01.10.1870 Харьков, Харьковская, Украина
Лично я в течение моего пребывания в университете был настолько увлечен заботой о саморазвитии, что так называемой повседневной политикой занимался весьма слабо. Меня интересовали общие теоретические вопросы, и в них я шел весьма далеко, склоняясь, как я уже сказал, к учениям так называемого "критического социализма" Прудона. Это социализм не боевой, он ждет изменений в общественном строе не от насильственного переворота, а от медленного изменения самих нравственных понятий людей, от развития человеческой солидарности или от того, что Прудон называл взаимностью (mutualité). Я настолько проникся этими мыслями, что, желая дать им внешнее выражение, заказал себе в Карлсбаде печать, на которой выгравированы были три дорогих мне принципа: свобода, равенство, взаимность. Но моя заботливая мать отобрала эту печать, которою я в моем юношеском энтузиазме вздумал было скреплять мои письма. И, разумеется, к лучшему, а то, пожалуй, возникло бы дело о студенте Ковалевском, его печати и ряде скомпрометированных им лиц. Трудно ведь было допустить, что за этой печатью ничего не скрывается, кроме чисто теоретических пристрастий.
Последние два года моего пребывания в университете прошли в усиленной работе. Под влиянием Каченовского, я уже на 18-м году жизни более или менее остановился на выборе специальности. Я стал серьезно заниматься государственным правом европейских держав. Каченовский склонял меня, правда, в сторону международного права, но оно казалось мне еще настолько висящим в воздухе, так мало обособившимся от общечеловеческой нравственности и вылившимся в общеобязательные нормы, что мне хотелось сосредоточиться на изучении чего-нибудь более положительного. Меня интересовала тогда, как и теперь, тесная зависимость между ростом государственных учреждений и изменениями общественного уклада, в свою очередь вызванными эволюцией экономических порядков. История учреждений и история общественности — таковы были наиболее притягивавшие меня темы.
Я прочел довольно много книг, преимущественно на иностранных языках, по истории английского и французского государственного права, а также по вопросам народного представительства. Рассуждения Милля на этот счет, книги Токвиля о "демократии в Америке" и его же "Старый порядок и революция" были в числе моих любимейших сочинений. Я прочел и книгу Чичерина "О народном представительстве", но она мало удовлетворила меня. Англичанин Кокс и француз Батби, которыми Каченовский немало пользовался в своем курсе, также прочитаны были мною с большим вниманием.
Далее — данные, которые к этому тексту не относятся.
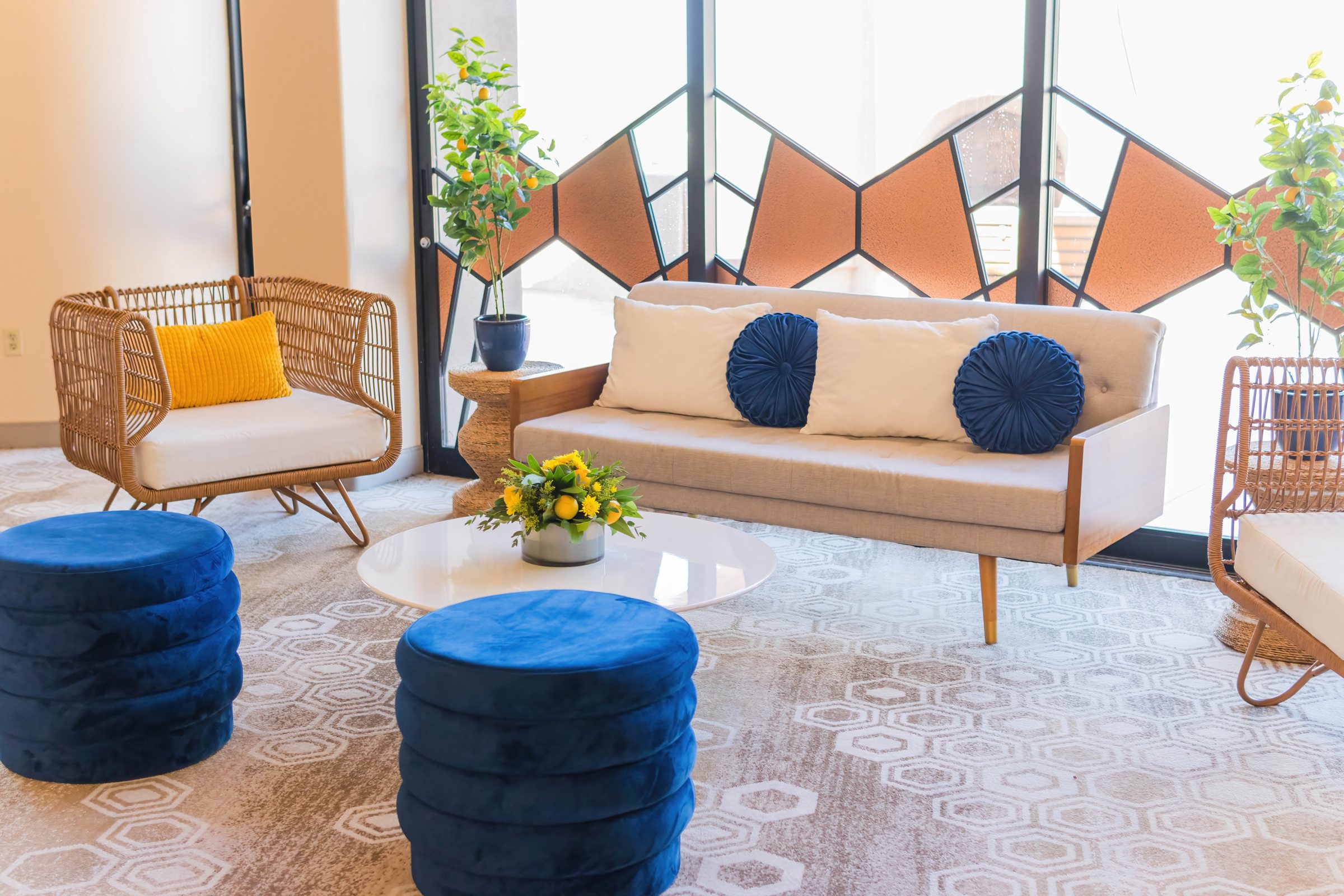 Lounge with rattan chairs, blue velvet poufs, and lemon trees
Каченовский не переставал давать мне книги из своей библиотеки, но она не была особенно богата по вопросам государственного права; зато университетская, в которую сочинения выписывались непосредственно из-за границы, по рекомендации профессоров и, по-видимому, минуя цензуру, заключала в себе более, чем достаточно материала для первоклассного ознакомления с европейскими порядками. Книги позволялось брать на дом; библиотекарь Балясный, родственник Каченовского и которого я часто встречал на его пятницах, с большой обязательностью разыскивал для меня все новую и новую умственную пищу. Частые свидания с дорогим учителем и у него на дому, и во время прогулок по окрестностям счастливо направляли мой выбор, ставили передо мной все новые и новые темы и указывали средства удовлетворить моей любознательности. В провинциальном университете нет той беготни по лекциям, от которой страдают столичные профессора. Каченовский не имел других обязательных занятий, кроме читаемого им в университете курса.